Equivalently, a natural number is an element of the smallest limit
ordinal. The smallest limit ordinal omega is a model of Peano's Axioms
with 0 being given by the empty set and the successor function being
given by S(x) = x u {x}, where for sets A and B, A u B denotes the union
of A and B. Addition on N (the set of natural numbers, i.e. omega) is
defined by recursion by

        m + 0 = m,

        m + S(n) = S(m + n).

Multiplication on N is defined by recursion by

        m.0 = 0,

        m.S(n) = m.n + m.

Define the relation == on N x N by (a,b) == (c,d) iff a + d = b + c,
then == is an equivalence relation on N x N. Define Z = (N x N)/==,
and define an integer to be an element of Z, i.e. an integer is an
equivalence class in N x N, and therefore a subset of N x N. Addition
is defined on Z by

        [(a,b)] + [(c,d)] = [(a + c,b + d)].

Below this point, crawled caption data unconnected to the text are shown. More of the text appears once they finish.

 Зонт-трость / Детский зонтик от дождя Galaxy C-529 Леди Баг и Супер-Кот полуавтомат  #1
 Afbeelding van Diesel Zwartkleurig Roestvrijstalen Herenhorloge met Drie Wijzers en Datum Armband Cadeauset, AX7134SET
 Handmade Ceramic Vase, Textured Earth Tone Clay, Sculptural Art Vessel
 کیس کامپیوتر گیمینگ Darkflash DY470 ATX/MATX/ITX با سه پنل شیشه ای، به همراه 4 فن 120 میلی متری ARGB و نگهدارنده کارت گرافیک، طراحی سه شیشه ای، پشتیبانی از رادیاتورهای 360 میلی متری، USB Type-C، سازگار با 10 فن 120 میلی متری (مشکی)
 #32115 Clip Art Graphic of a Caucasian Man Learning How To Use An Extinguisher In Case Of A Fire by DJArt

Multiplication is defined on Z by

        [(a,b)].[(c,d)] = [(a.c + b.d,a.d + b.c)].

Both addition and multiplication on Z are well-defined. N is embedded
in Z by mapping m to [(m,0)].

Define the relation == on Z x (Z-{0}), where 0 in Z is identified with 0
in N by the embedding, by (a,b) == (c,d) iff a.d = b.c, then == is an
equivalence relation on Z x (Z-{0}). Define Q = (Z x (Z-{0}))/==, and
define a rational number to be an element of Q, i.e. a rational number is
an equivalence class in Z x (Z-{0}), and therefore a subset of Z x (Z-{0}).
Addition on Q is defined by

        [(a,b)] + [(c,d)] = [(a.d + b.c,b.d)].

Multiplication on Q is defined by

        [(a,b)].[(c,d)] = [(a.c,b.d)].

Both addition and multiplication on Q are well-defined. Z is embedded in
Q by mapping x to [(x,1)], where 1 in Z is identified with 1 in N by the
embedding of N in Z.

So, we have definitions of natural numbers, integers and rational numbers
completely in terms of sets.

There are two possible definitions of real numbers.

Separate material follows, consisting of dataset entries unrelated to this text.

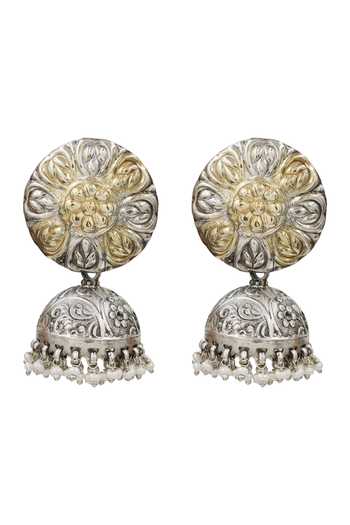 Sangeeta Boochra_Gold Plated Dual Tone Floral Jhumka Earrings _Online_at_Aza_Fashions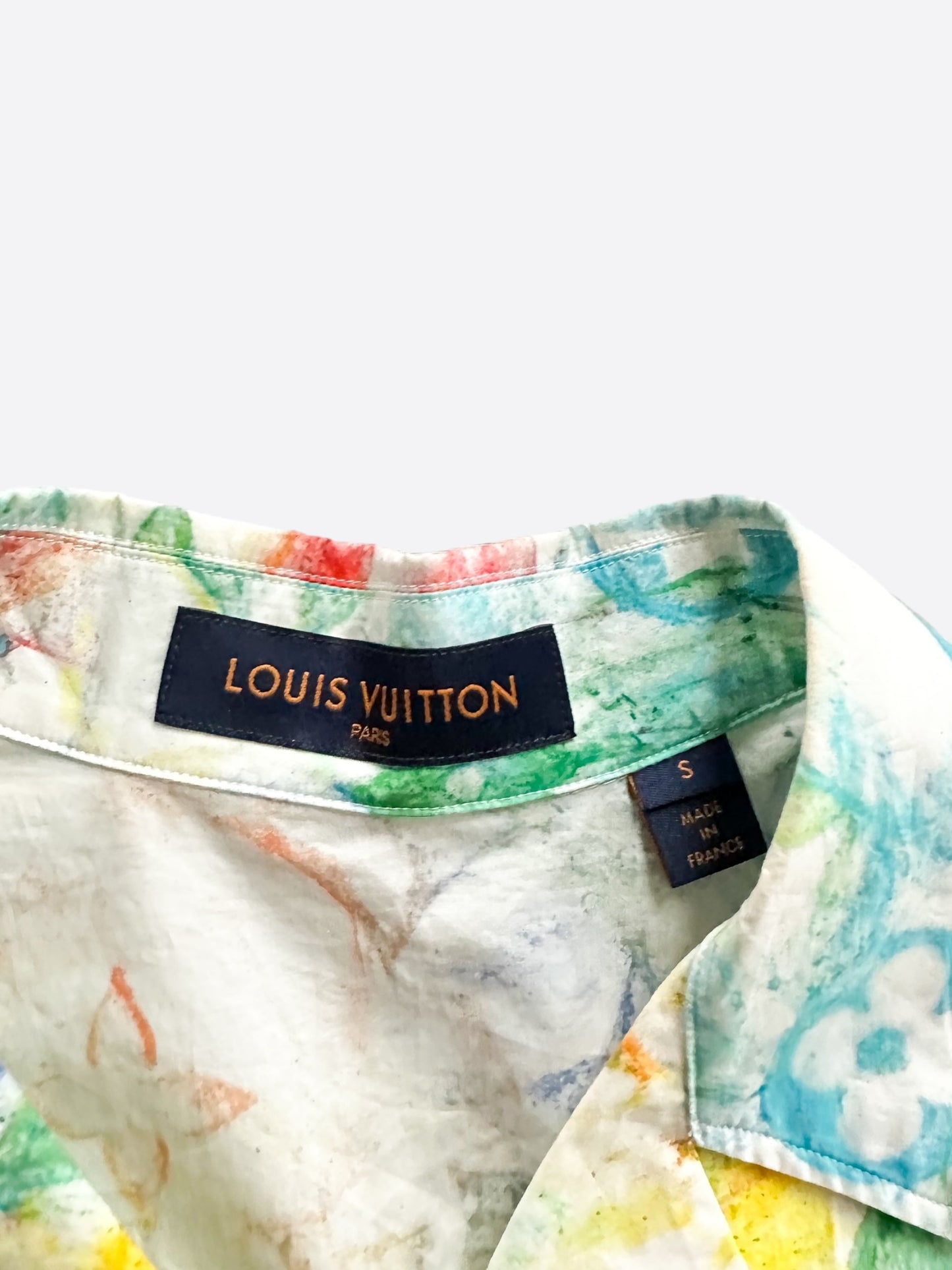 Louis Vuitton White Multicolor Pastel Monogram Button Up Shirt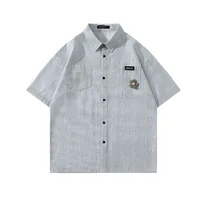 Jiayiku Men's  Summer Shirt New Style Retro Vintage Campus Style Floral Stripesd Shirt Short Sleeves main image 1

A sequence in Q is defined as a function x : N -> Q. A Cauchy sequence
in Q is a sequence x in Q such that for all rational d > 0, there exists
k in N such that if m and n are natural numbers such that m > k and n > k,
then |x(m) - x(n)| < d, i.e.

        for all d in Q (d > 0 => exists k in N for all m in N for all n in N
        [(m > k and n > k) => |x(m) - x(n)| < d]).

Define the relation == on Cauchy sequences in Q by x == y if for all
rational d > 0, there exists k in N such that for all natural numbers
n > k, |x(n) - y(n)| < d, i.e.

        for all d in Q (d > 0 => exists k in N for all n in N (n > k =>
        |x(n) - y(n)| < d)).

Let CauchyQ be the set of Cauchy sequences in Q, then == is an equivalence
on CauchyQ. Define R = CauchyQ/==, and define a real number to be an
element of R, so that a real number is a set of Cauchy sequences in Q.
Define addition and multiplication on CauchyQ by

        (x + y)(n) = x(n) + y(n) for all n in N,

        (x.y)(n) = x(n).y(n) for all n in N.

Define addition and multiplication on R by

        [x] + [y] = [x + y],

        [x].[y] = [x.y].

Addition and multiplication are well-defined on R. For r in Q, define
the sequence x_r in Q by x_r(n) = r for all n in N, then x_r is a Cauchy
sequence in Q. Q is embedded in R by mapping r to [x_r] for all r in Q.

An alternative definition of real number is the Dedekind definition: a
real number is a set x of rational numbers such that

        (1) x is not empty,

        (2) x is not equal to Q,

        (3) if r is an element of x and s is a rational number such that
            s < r, then s is an element of x,

        (4) if r is an element of x, then there exists a rational number
            s such that r < s and s is an element of x.

So a real number x is a nonempty proper subset of Q such that

        for all r in x for all s in Q (s < r => s in x),

        for all r in x exists s in Q (r < s and s in x).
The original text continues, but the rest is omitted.